*** SOURCE MATERIAL ***

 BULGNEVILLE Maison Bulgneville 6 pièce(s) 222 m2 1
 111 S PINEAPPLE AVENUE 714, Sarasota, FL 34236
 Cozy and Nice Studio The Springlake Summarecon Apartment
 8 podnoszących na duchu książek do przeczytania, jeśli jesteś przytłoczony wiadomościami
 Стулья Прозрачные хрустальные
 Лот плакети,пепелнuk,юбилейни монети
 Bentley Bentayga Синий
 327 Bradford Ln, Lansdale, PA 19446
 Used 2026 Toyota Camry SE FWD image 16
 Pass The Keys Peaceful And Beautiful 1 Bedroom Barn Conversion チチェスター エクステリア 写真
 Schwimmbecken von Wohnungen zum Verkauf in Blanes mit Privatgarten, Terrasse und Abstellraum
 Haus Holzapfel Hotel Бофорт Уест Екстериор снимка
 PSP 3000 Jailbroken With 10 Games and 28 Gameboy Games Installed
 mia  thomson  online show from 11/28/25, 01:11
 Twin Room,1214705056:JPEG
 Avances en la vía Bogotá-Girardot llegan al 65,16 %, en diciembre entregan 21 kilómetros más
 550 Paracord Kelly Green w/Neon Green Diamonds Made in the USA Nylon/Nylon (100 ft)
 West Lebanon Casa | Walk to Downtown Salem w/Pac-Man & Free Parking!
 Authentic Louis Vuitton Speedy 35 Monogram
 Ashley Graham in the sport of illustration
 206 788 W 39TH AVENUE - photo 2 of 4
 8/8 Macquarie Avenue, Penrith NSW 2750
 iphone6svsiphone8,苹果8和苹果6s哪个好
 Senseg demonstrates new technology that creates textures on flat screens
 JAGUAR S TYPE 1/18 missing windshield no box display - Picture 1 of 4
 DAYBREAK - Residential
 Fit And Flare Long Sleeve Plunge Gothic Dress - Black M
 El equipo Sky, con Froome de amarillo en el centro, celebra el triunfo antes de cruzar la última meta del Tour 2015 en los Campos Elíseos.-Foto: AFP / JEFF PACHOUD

*** End of SOURCE MATERIAL ***

▶ [EXERCISE DIRECTIONS]: Write out each entry again, character for character.

▶ [TASK SOLUTION]:
 BULGNEVILLE Maison Bulgneville 6 pièce(s) 222 m2 1
 111 S PINEAPPLE AVENUE 714, Sarasota, FL 34236
 Cozy and Nice Studio The Springlake Summarecon Apartment
 8 podnoszących na duchu książek do przeczytania, jeśli jesteś przytłoczony wiadomościami
 Стулья Прозрачные хрустальные
 Лот плакети,пепелнuk,юбилейни монети
 Bentley Bentayga Синий
 327 Bradford Ln, Lansdale, PA 19446
 Used 2026 Toyota Camry SE FWD image 16
 Pass The Keys Peaceful And Beautiful 1 Bedroom Barn Conversion チチェスター エクステリア 写真
 Schwimmbecken von Wohnungen zum Verkauf in Blanes mit Privatgarten, Terrasse und Abstellraum
 Haus Holzapfel Hotel Бофорт Уест Екстериор снимка
 PSP 3000 Jailbroken With 10 Games and 28 Gameboy Games Installed
 mia  thomson  online show from 11/28/25, 01:11
 Twin Room,1214705056:JPEG
 Avances en la vía Bogotá-Girardot llegan al 65,16 %, en diciembre entregan 21 kilómetros más
 550 Paracord Kelly Green w/Neon Green Diamonds Made in the USA Nylon/Nylon (100 ft)
 West Lebanon Casa | Walk to Downtown Salem w/Pac-Man & Free Parking!
 Authentic Louis Vuitton Speedy 35 Monogram
 Ashley Graham in the sport of illustration
 206 788 W 39TH AVENUE - photo 2 of 4
 8/8 Macquarie Avenue, Penrith NSW 2750
 iphone6svsiphone8,苹果8和苹果6s哪个好
 Senseg demonstrates new technology that creates textures on flat screens
 JAGUAR S TYPE 1/18 missing windshield no box display - Picture 1 of 4
 DAYBREAK - Residential
 Fit And Flare Long Sleeve Plunge Gothic Dress - Black M
 El equipo Sky, con Froome de amarillo en el centro, celebra el triunfo antes de cruzar la última meta del Tour 2015 en los Campos Elíseos.-Foto: AFP / JEFF PACHOUD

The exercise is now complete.